Keywords

1 Introduction

Civil infrastructure can provide good services to the citizens as the operation and management activities. If maintenance is not carried out in time, it will not only cause potential hazards and hidden dangers to the civil infrastructure and its ancillary facilities, but also threaten citizen lives. Therefore, it’s essential for real-time monitoring the condition of the infrastructure, so that necessary repairs and maintenance work can be carried out proactively and timely before it becomes too dangerous and expensive. Conventional manual monitoring is extensively time-consuming, laborious, expensive and has healthy and safety problems, particularly for the aerial working environment where detection is difficult to conduct [1].

In the past years, deep learning techniques, especially convolutional neural network (CNN), have been shown to outperform previous state-of-the-art machine learning techniques in several fields, with computer vision being one of the most prominent cases [2]. Computer vision is changing processes of the construction management as it enables the automatic acquisition, processing, analysis of digital images, and the extraction of high-dimensional data from the real world to produce useful information to improve managerial decision-making [3].

Deep learning has obtained promising performance in various computer vision tasks such as image classification [4], object detection [5] and object segmentation [6]. These three tasks are not only related to each other, but also progressive. The connection is that they are all based on the basic idea of CNN. The progressive relationship increases difficulties of three tasks. Both object detection and segmentation use some basic network models from image classification. The CNN-based image classification algorithm provides many new ideas for object detection and segmentation, and has achieved good results. This paper will briefly describe these three tasks and make a general comparison. From the beginning, these tasks have been applied to the industrial field, until now, they have been applied to many other fields and made great achievements, and have great application prospects in civil infrastructure maintenance. The application of deep learning based on CNN in the automatic detection and location of defects in civil infrastructures [7], such as bridges [8], roads [9] and sewage pipes [6], can solve these problems.

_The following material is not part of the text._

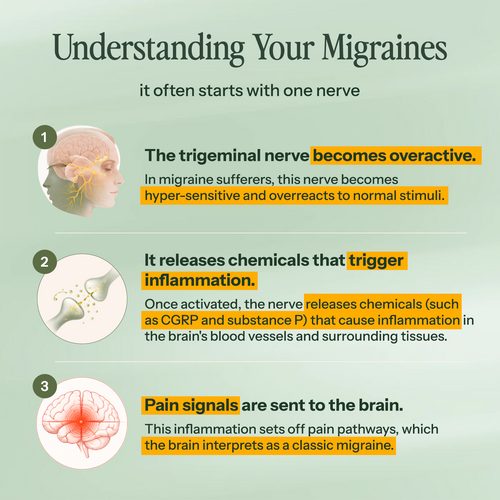 Migraine Relief Roll-On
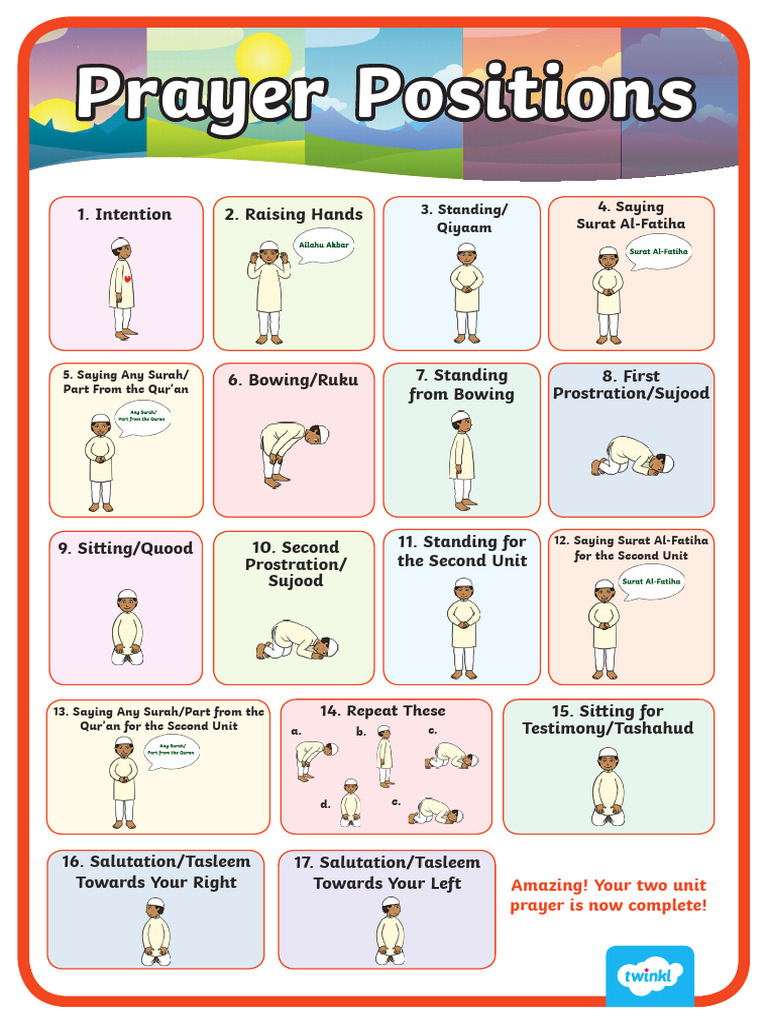 Ar ise 76 prayer positions display poster ver 5 pdf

The remainder of this paper is organized as follows. Figure 1 is the structure of this review work. In Sect. 2, the research progress of deep learning, including the structure of deep learning, is described. Section 3 described the use of deep learning methods to address key tasks in computer vision, such as image classification, object detection, and object segmentation. In Sect. 4, the application of deep learning-based computer vision in civil infrastructure maintenance are reviewed.

Fig. 1
figure 1

Review structure

2 Research Progress of Deep Learning

2.1 Important Milestones of Deep Learning

Deep learning methods usually addresses rich and complex data from different sources, and they have performed better than previous technologies in multiple tasks, attracting increasing attention. Where does it start? How does it determine whether a particular deep learning model is suitable for their problem? How to train and deploy them? With these questions, the important milestones leading up to the era of deep learning [2] are firstly summarized in Table 1. The MCP model and Neocognitron are the beginning of the artificial neural networks (ANN) and CNN, respectively. However, AlexNet [10] won the ImageNet contest in 2012 with an absolute advantage of 10.9 percentage points over the second place. Since then, deep learning and convolutional neural networks rose to prominence with AlexNet. An overview of deep learning structure based on CNN is presented next.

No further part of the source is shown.